Imagery and Color

Janet McAdams' debut novel offers poetic flourishes, but it still reads like a debut novel

Janet McAdams, the author of two poetry collections and winner of an American Book Award, tries her hand at fiction with her debut novel, Red Weather.

It has a number of things working in its favor, including some sharp imagery, good use of metaphor and a firm grasp of time—skills that all good poets need. Yet the novel never really succeeds in making the reader truly care about the protagonist or the bevy of characters that appear (or, in some cases, don't appear). As a first novel, it certainly shows its seams, but it has promise that McAdams could carry on into further fiction efforts.

The novel follows its protagonist, Neva Greene, as she leaves an abusive spouse and an unhappy life in Atlanta and makes her way by bus to the invented Central American country of Coatepeque. Neva hopes to find out what has become of her parents, American Indian activists who left her with her grandmother after being involved in a vague crime. While her older brother, Harker, always assumed they were dead, Neva finds a clue that prompts her to head south in hopes of answers.

Throughout the novel, McAdams shifts between several periods in Neva's life: the present day-to-day life in Coatepeque; her life in Atlanta with her husband, Will; her adolescence spent with her grandmother on a farm in Alabama; and times spent with her parents. This is a lot to juggle, especially considering McAdams often shifts between multiple periods in the space of a short chapter. Yet this is one of the author's strengths: Even with all of these shifts in time, the reader never feels confused, as McAdams is adept at giving subtle markers of time and place. Each of the shifts makes sense thematically with what is occurring in the present.
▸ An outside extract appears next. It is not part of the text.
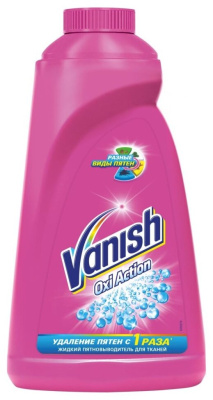 ВАНИШ Пятновыводитель жидкий  1000 мл. Для цветного фото в интернет-магазине KUTAVA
Another strength of McAdams' prose is the poetic sensibility she brings. The novel at times creates a feeling of synesthesia, as McAdams ties together vivid imagery and color with emotions and thoughts, doing so with rhythmic and musical sentences. A scene in which Neva remembers visiting the beach with her parents and brother as a child is brought to life through color imagery and rhythm that lends happiness to the scene as it is read:

The Gulf Coast that started in Mississippi, stretched across Alabama and into the Florida panhandle, as the water grew bluer and the sand whiter. The rental houses wooden on pilings, stocked with scratched Teflon and a huge battered aluminum pot for boiling shrimp.

There are a number of such passages that sound musical and match the mood of the scene at hand. Here, the music of the prose gives readers a sense of almost skipping as they read. These sorts of small details are the hallmarks of a poetic mind and give her prose a depth not always available in fiction.
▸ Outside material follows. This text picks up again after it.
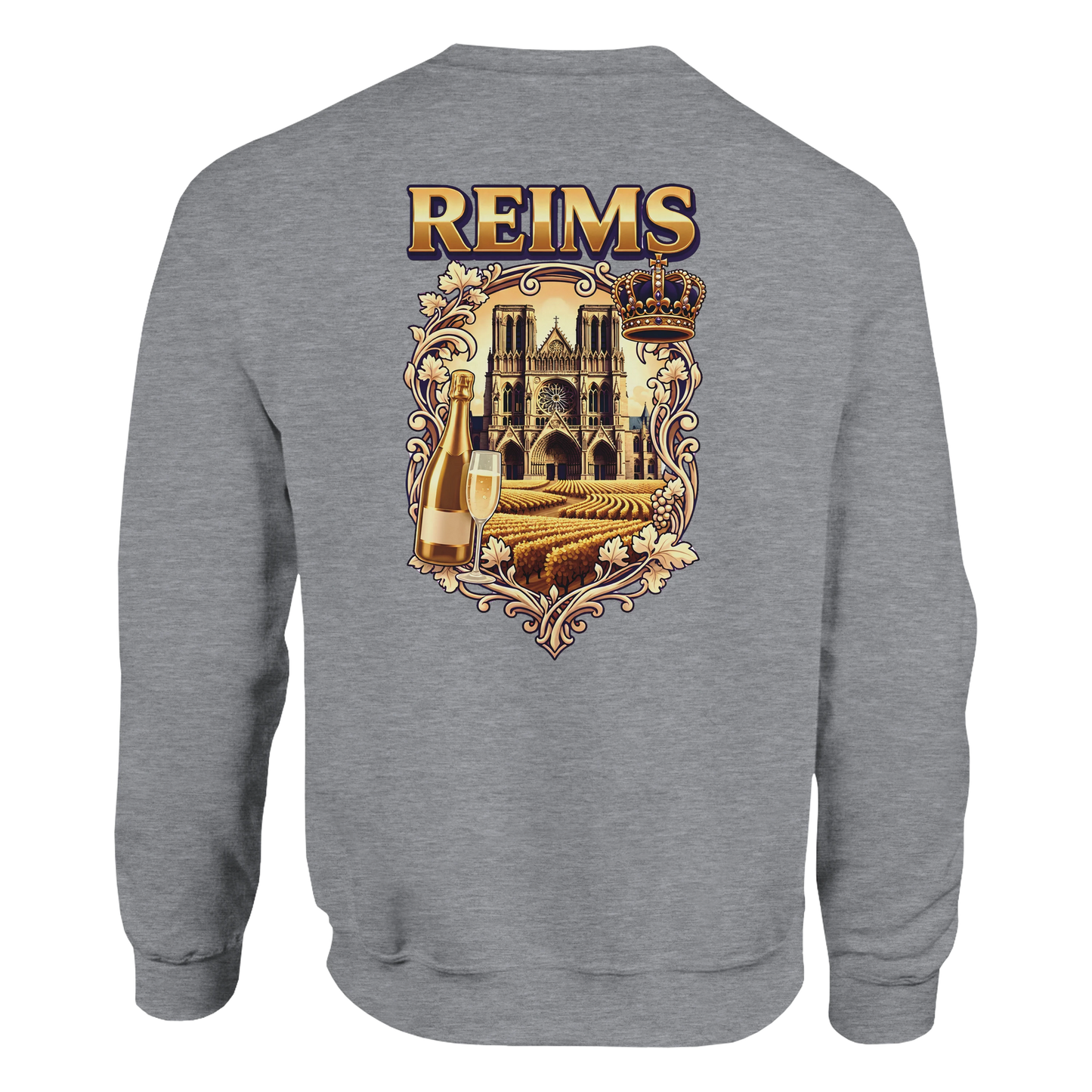 Sweat-shirt Reims Ville de France – Unisexe, Confort Classique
Yet a piece of prose, especially one the length of a novel, cannot be carried by poetic sensibilities alone. At some point, there needs to be strict attention paid to character and plot, and these are the biggest deficiencies of McAdams' novel. Nearly all of the characters, with the exception of Neva, are given short shrift in development. Neva's husband comes off as one-dimensional, a cardboard caricature of the jerky, abusive husband. There's no sense of history or motive. And while believable in a way, there's nothing particularly fresh or interesting in the relationship. McAdams gives some nice windows into Neva's parents' personalities, but the crime they were supposedly involved with and their motives for leaving are left vague. It could be argued that the intent here was to have the reader discover what Neva discovers as she discovers it, which would have been great had Neva actually discovered anything. Yet by the end of the novel—though the reader has a good idea of what happened to Neva's parents—we still haven't found out what she discovered about them on a trek up to a mysterious, mountainous Quaker village. The ending, during which facts about other characters are "revealed," seems rushed and confused.

This debut novel ends up reading like a debut novel, with parts that shine, and others that don't. However, Janet McAdams has skills that stand out in prose. With honing and deepening in certain areas, she could become a skillful novelist.